Tuesday, November 10, 2009

The Second Circle of Report Card Hell

Well, Mom, I'm glad you appreciate my "moxie" in writing honest report cards despite suspicions that parents would be upset.  Unfortunately, some of the report cards haven't reached the parents, yet.  And they won't.  Not until I write to the parents' that none other than the sun shines out of their offspring's ass.

It began early today.  I don't have a 3:30 class on Tuesdays, so I usually spend that time in "my" office either working or replying to emails and such.  So, today I was at my computer when my principle came in holding a report card.  She proceeded to tell me that Paul's mother would be worried if she saw the bad marks on his report.  She doesn't speak English very well, so I responded, "She should be worried."  Though Paul is a smart kid, he is a terrible student.  He never does his homework and he drags other kids into his behavior issues in class.  When my principle felt she was not getting through to me, she through in "By the way, his mother is important."  I didn't even respond.  How does one respond to that?  She left me alone for the rest of the day and I thought it was over.

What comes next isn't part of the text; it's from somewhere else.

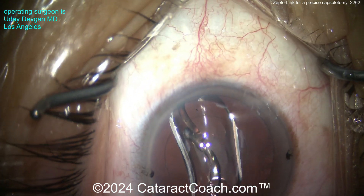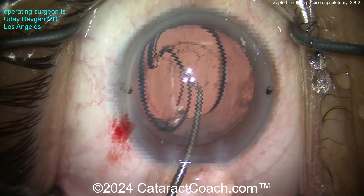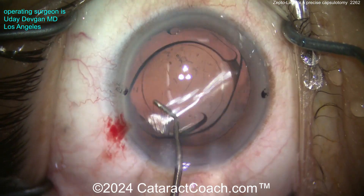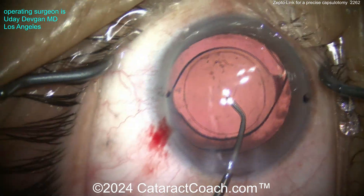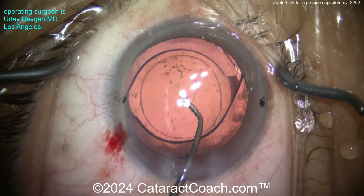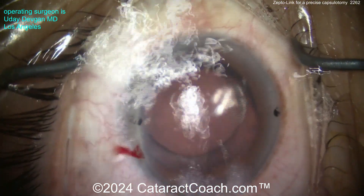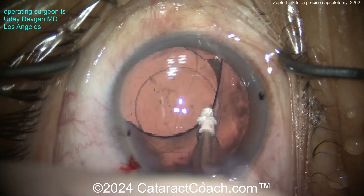Here comes the IOL — I'm going to place it in the capsular bag. This patient is getting a toric monofocal. The arms open up — there's the toric monofocal lens. Now look at that capsulotomy opening: you know that's a six-millimeter optic — the capsular opening is 5.2 millimeters. Look how pretty that looks — fantastic outcome.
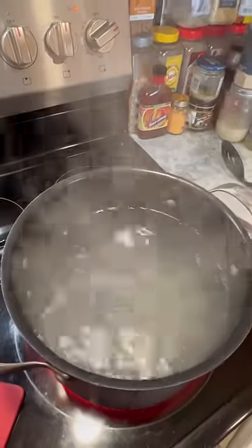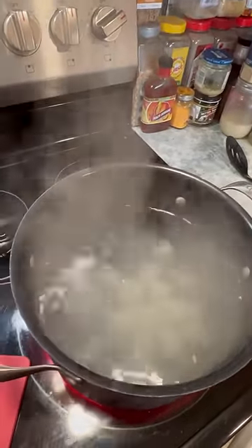Don't touch them until they start floating. When they start floating, that's when they're done.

As I was packing my things to leave after my last class, she came in and said something that included the word "captain."  She uses that word in place of principle.  I told her I didn't understand, she left and came back with the phone; it was Julia.  Julia wanted to talk to me about the report cards.  Apparently, it wasn't just Paul's that was the problem.  Julia went on to say that she hoped I understood that Yoon's is a business.  And that the parents' need hope.  Hope?  Koreans want their country to be strong.  They want to be able to do more big business with the West.  Well, if they want future generations to fit in with Westerners, they should start by having them earn their grades.  These kids are handed everything.  The busy work they're given to make them feel like hard workers follows them into adulthood when they get a job standing around in HomeMart.

Long story short, no less than thirty report cards came home with me tonight.  Most of them are B averages.  I have until Friday to do them.  I'm so angry and defeated, I don't know what to do but concede.  Unfortunately, what they don't see is that I actually care about these kids and their futures.  They'll never learn if we spoon feed them and never correct their mistakes.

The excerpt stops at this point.